__About this exercise__
After locating the line with "GODOX X3Pro-S TTL" below, output it and each following line exactly, stopping after the line with "Prescott Valley Other". No pictures.

__Source data__
++++++
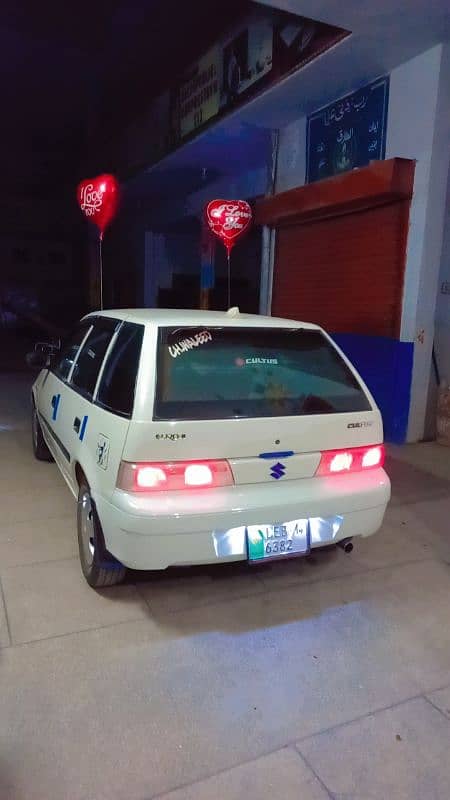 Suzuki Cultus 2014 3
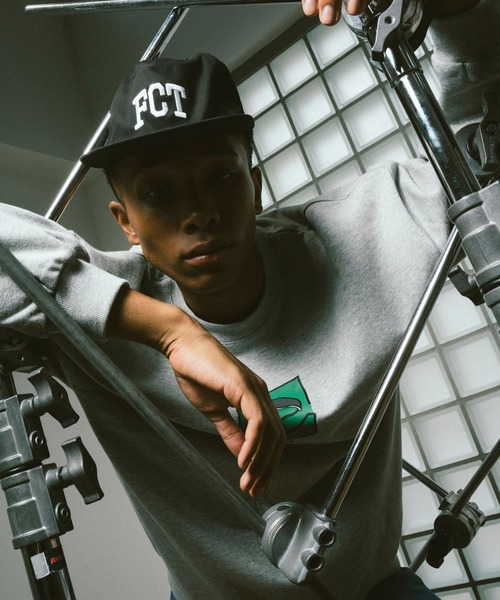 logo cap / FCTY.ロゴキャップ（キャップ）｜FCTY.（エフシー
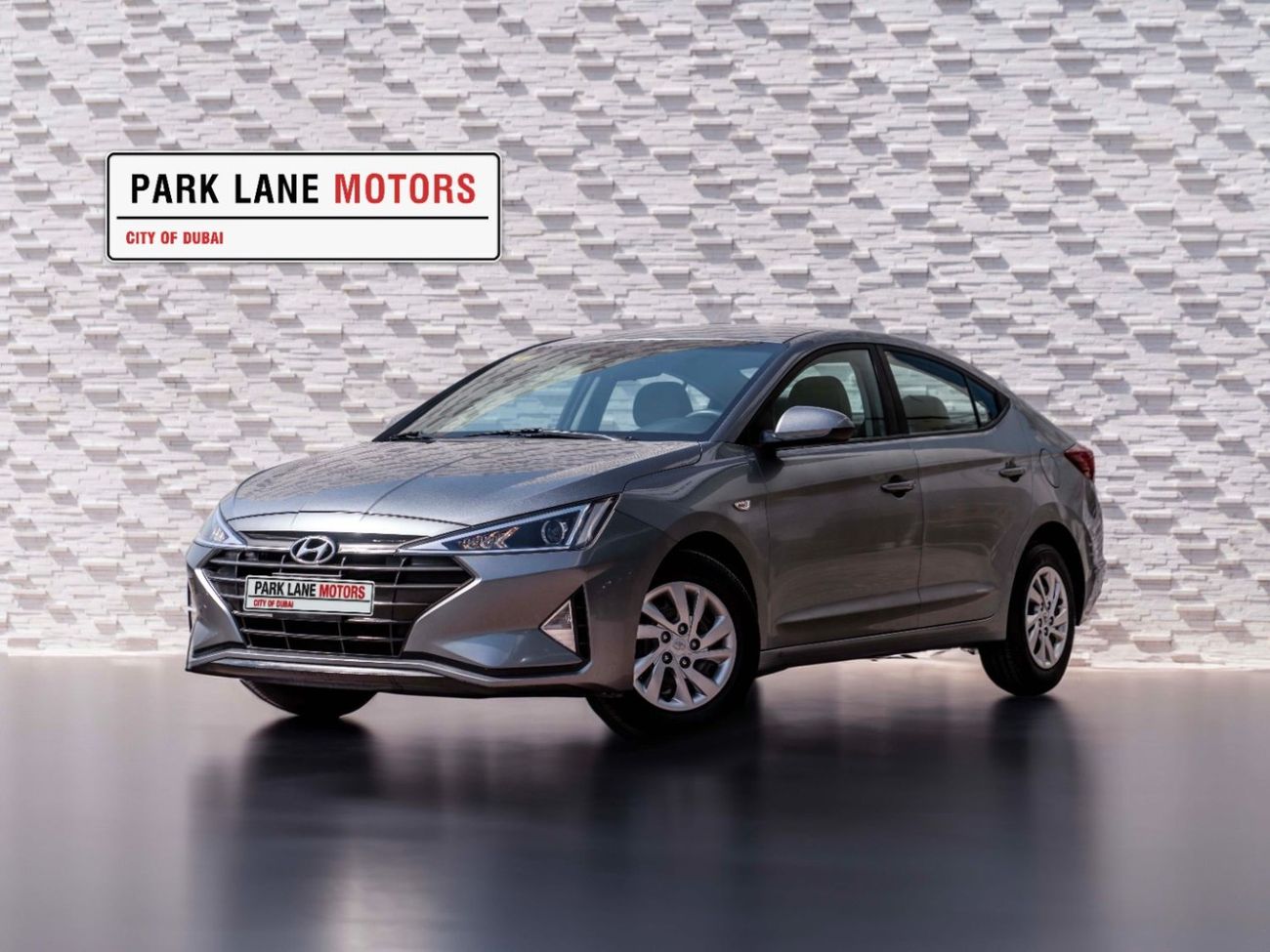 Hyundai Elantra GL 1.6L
++++++
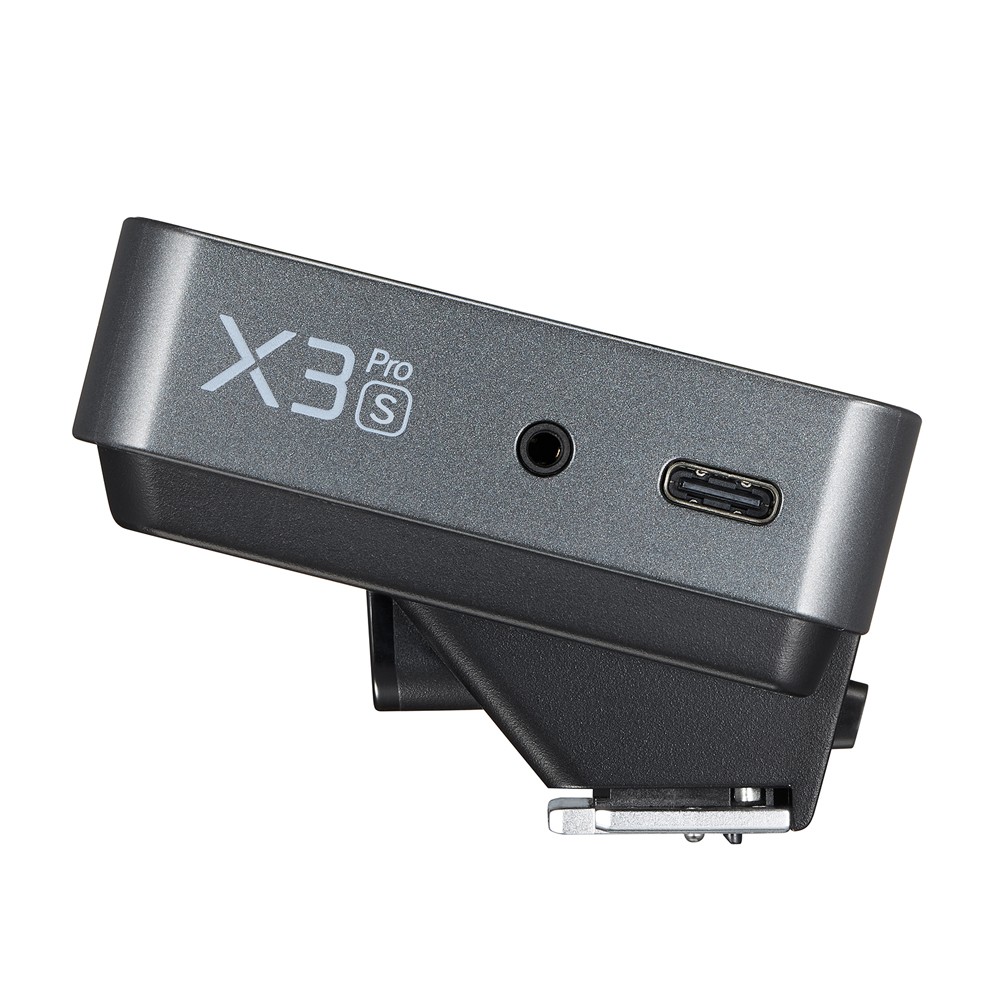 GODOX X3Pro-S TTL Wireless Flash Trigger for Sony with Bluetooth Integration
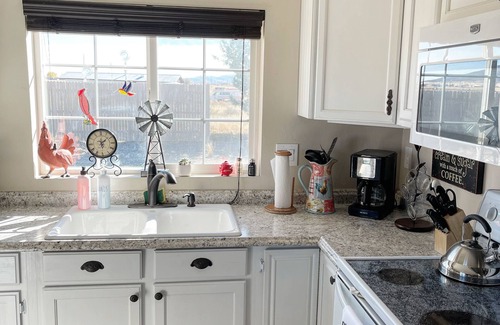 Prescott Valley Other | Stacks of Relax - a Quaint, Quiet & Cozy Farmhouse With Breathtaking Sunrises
++++++
__Response to this exercise__
 GODOX X3Pro-S TTL Wireless Flash Trigger for Sony with Bluetooth Integration
 Prescott Valley Other | Stacks of Relax - a Quaint, Quiet & Cozy Farmhouse With Breathtaking Sunrises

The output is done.